Filistin’de, Suriye’de, Mora’da, Cezayir’de, Doğu Türkistan’da, Etiyopya’da, Bosna’da, Arakan’da yaşanan kıyımlar gözümüzün önünde iken terör ve İslam dininin aynı cümlede zikredilmesinin vahşi ve saldırgan bir medeniyetin kullandığı bir algı aracı olduğunu çok iyi biliyoruz. Sömürgeci ülkeler ırkçı Siyonizm ideası merkezinde ilkel, barbar ve bencilce daha fazla tüketim ve İslam düşmanlığı motivasyonları ile yeni bir küresel sömürge düzeni kurmak amacıyla dünyayı çıkmaz bir yola sürüklemektedir.

 

Kendilerini dünyanın efendisi, dünyanın diğer kalanını da kölesi olarak gören; kendisinden başkasına yaşam hakkı tanımayan bencil, vahşi ve saldırgan medeniyetin mensuplarını insanlığa davet ediyoruz.

 

Şu açıkça bilinmelidir ki;

 

Newyork’un 1 gece aydınlanması için tüm gönül coğrafyamızı ateşe atanlar; Kudüs’ümüzün 1 anlık karanlığa bürünmesinin sonuçlarını çok ağır ödeyeceklerdir.

 

Tarih bize göstermiştir ki; Theodor Herzl’ın rüyasıyla hareket edenler, bu çağın Selahattinlerini, Abdülhamidlerini hesaba katmazlarsa acı bir kâbusa uyanacaklardır.

 

Ey katil sürüsü Siyonistler;

 

Bir gece ansızın gelebiliriz.
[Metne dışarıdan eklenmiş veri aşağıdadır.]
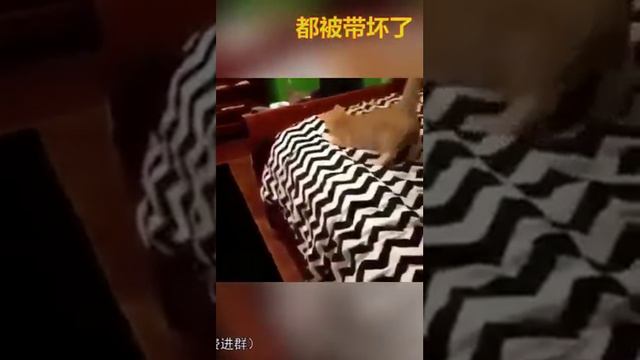 Животные и люди смотреть онлайн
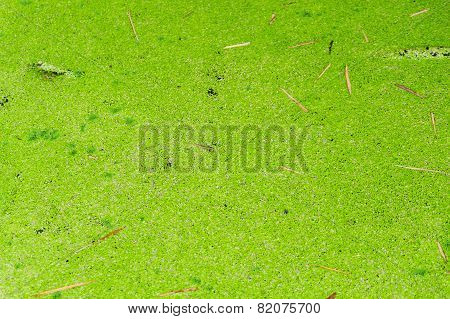 Green Algea In Canal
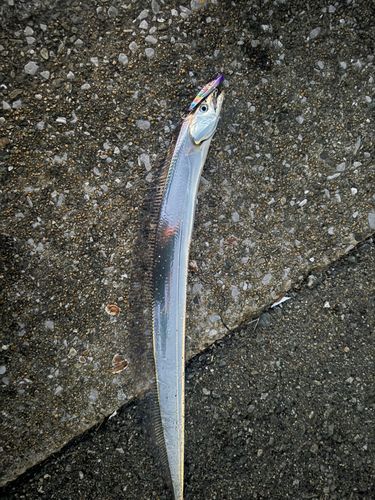 タチウオの釣果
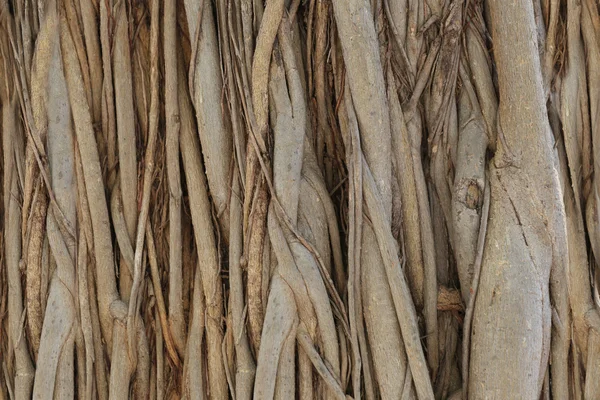 Raízes ou tronco da árvore banyan no jardim . — Fotografia de Stock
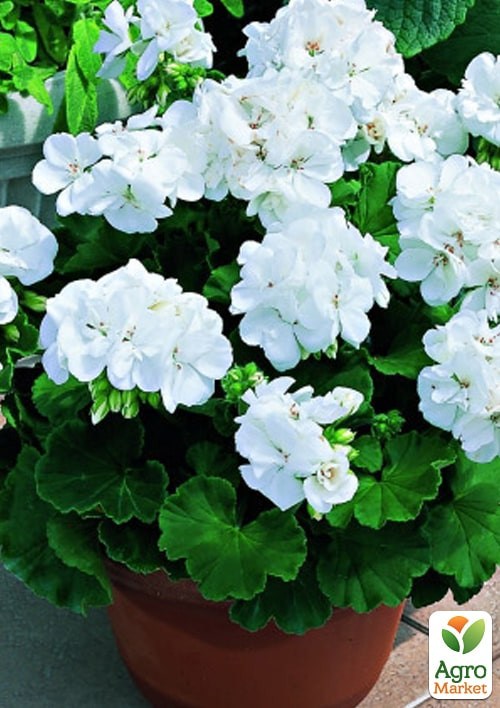 Пеларгонія зональна "Люстра Вайт" ТМ "Vesna Exclusive" 5шт - фото 2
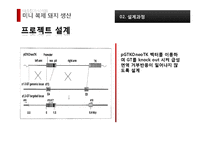[응용생물학] 이종장기 이식용 미니 복제 돼지 생산-13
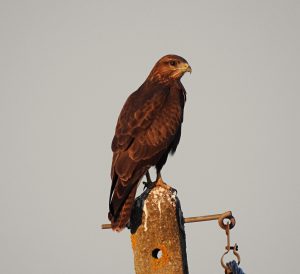 Buteo buteo, Diurnal raptors of Extremadura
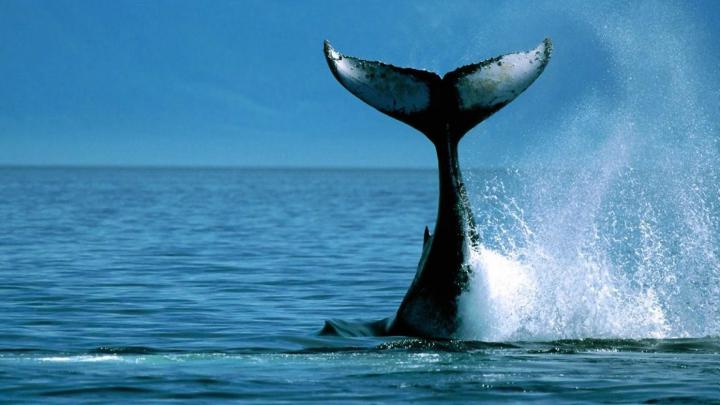 Whale Wallpapers for Desktop (57+ images)
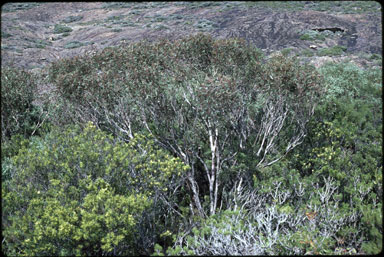 APII jpeg image of Eucalyptus aquilina  © contact APII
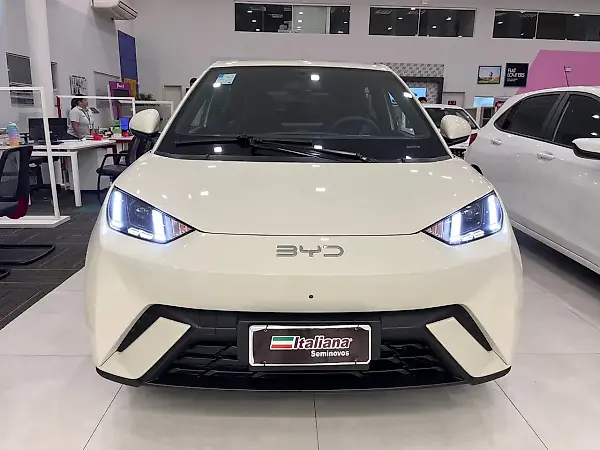 BYD Dolphin Mini - Imagem 19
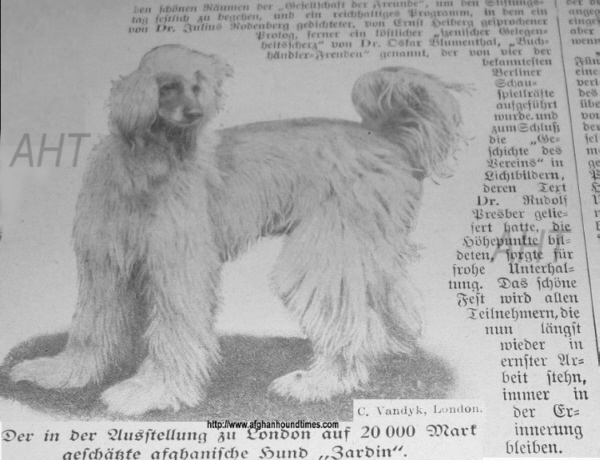 http://www.afghanhoundtimes.com Zardin PHOTO/GERMANY PUBLICATION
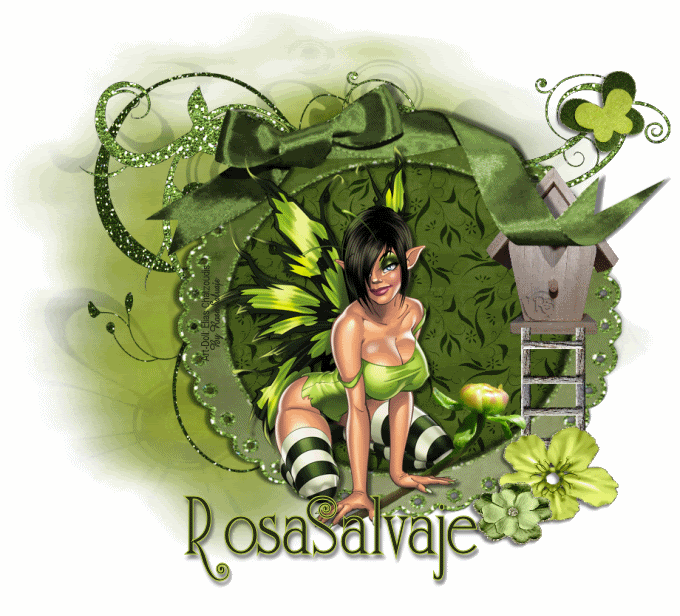 Fairy-WinkRo.gif picture by rosasalvajee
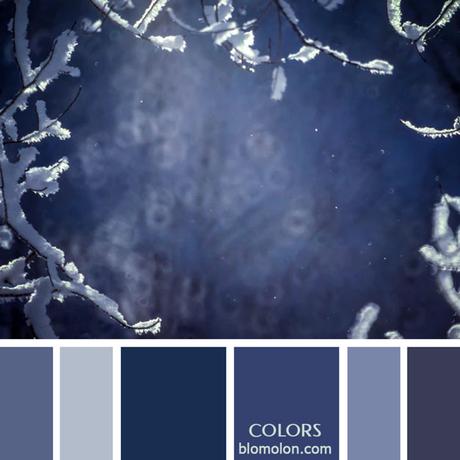 Variedad En Color 12 Paletas & Muestras Variedad En Color 12 Paletas & Muestras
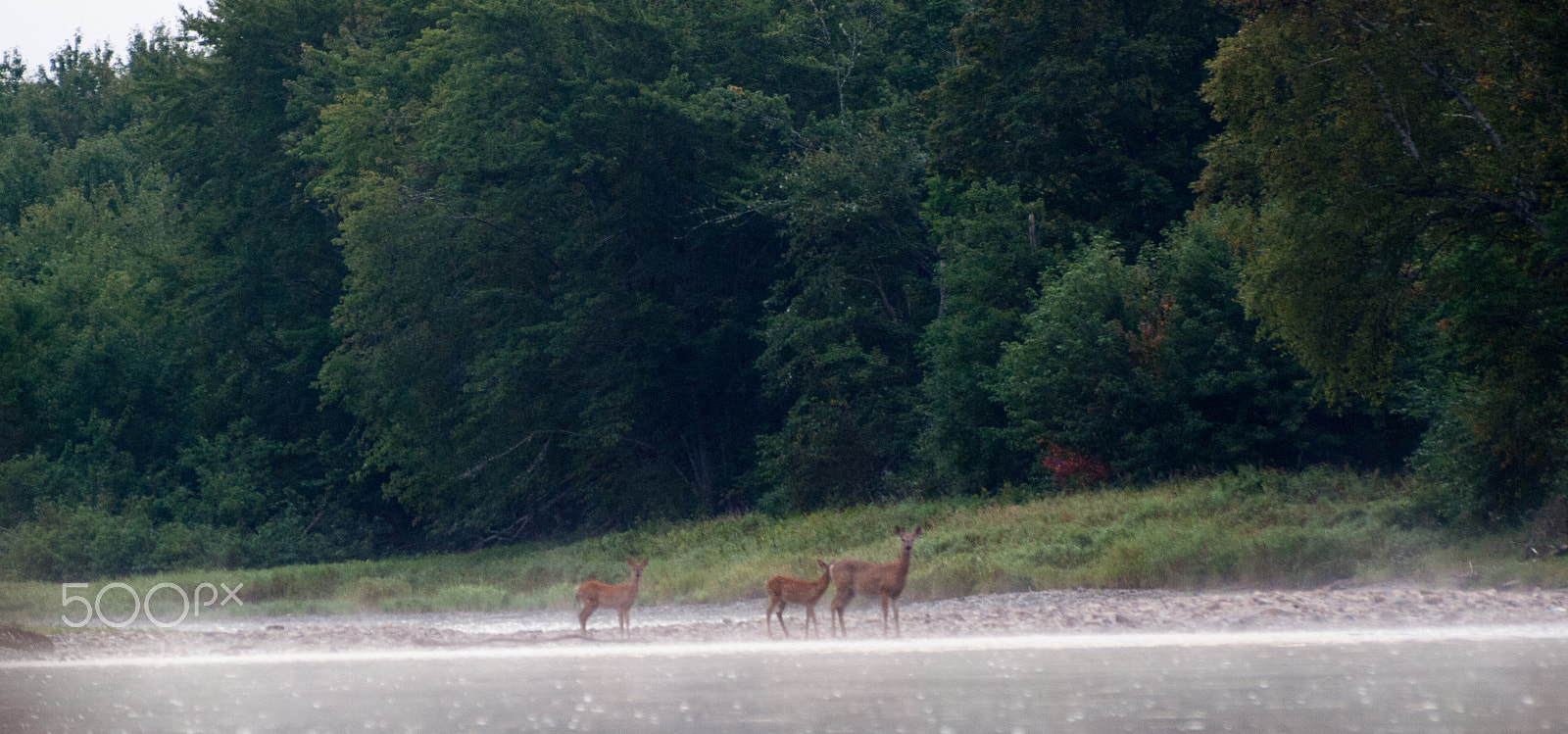 Olympus Zuiko Digital ED 70-300mm F4.0-5.6 sample photo. Deer on the miramachi river nb photography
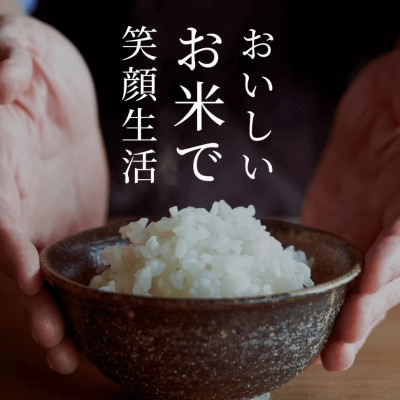 【先行予約】《令和7年産》くまさんの輝き 5kg×2袋 合計10kg 熊本県産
Çünkü İsra bu demektir. Çünkü İsra bir gece ansızın gelmenin/gitmenin adıdır.

 

İlk kıblesine el uzatılan İslam Dünyasının mensuplarına sesleniyoruz;

 

Daha neyi bekliyorsunuz? Daha ne kadar kendi kardeşlerinize, ümmetin meselelerine sağır, dilsiz kalacak; görmezden geleceksiniz?

 

Filistin dar bir coğrafyada bulunan birtakım insanların meselesi değil; tüm İslam âleminin namusudur.

 

Celladından diz çöküp af dileme gafletinden kurtulunuz!

 

Dünya var oldukça yeryüzü bizimdir, Kudüs bizimdir.

 

Ey İman edenler!

 

Hangi düşünce ve güç dengesi sizi Allah (cc) yolunda mücadele etmekten, Hakkı müdafaa etmekten alıkoyuyor…

 

Bir gün ateş, sizi çemberi içerisine almadan harekete geçiniz!

 

Irk, meşrep ve mezhep taassubiyetini bir kenara bırakıp

 

Siz Ey Müslümanlar Allah yolunda birleşiniz.